### Exercise data
━━━━━━━━━━━━━━━━
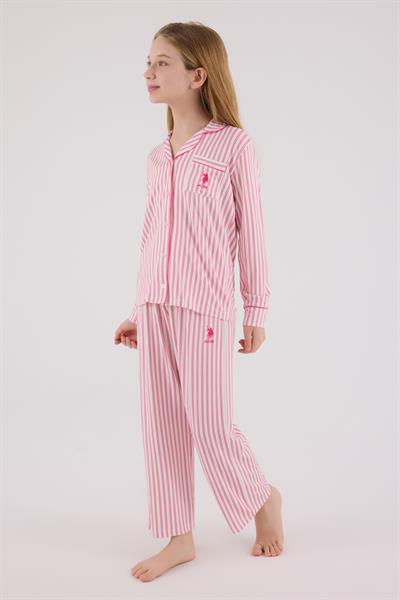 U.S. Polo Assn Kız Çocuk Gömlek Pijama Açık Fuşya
━━━━━━━━━━━━━━━━
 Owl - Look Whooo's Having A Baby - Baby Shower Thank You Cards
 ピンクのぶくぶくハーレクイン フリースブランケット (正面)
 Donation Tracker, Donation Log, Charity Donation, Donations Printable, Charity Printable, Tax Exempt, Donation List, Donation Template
━━━━━━━━━━━━━━━━
### Task item
Look in the material above for the line with "ピンクのぶくぶくハーレクイン フリースブランケット (正面)" and the line with "Donation Tracker, Donation", and transcribe exactly those lines and all lines between them, nothing more.

### Exercise result
 ピンクのぶくぶくハーレクイン フリースブランケット (正面)
 Donation Tracker, Donation Log, Charity Donation, Donations Printable, Charity Printable, Tax Exempt, Donation List, Donation Template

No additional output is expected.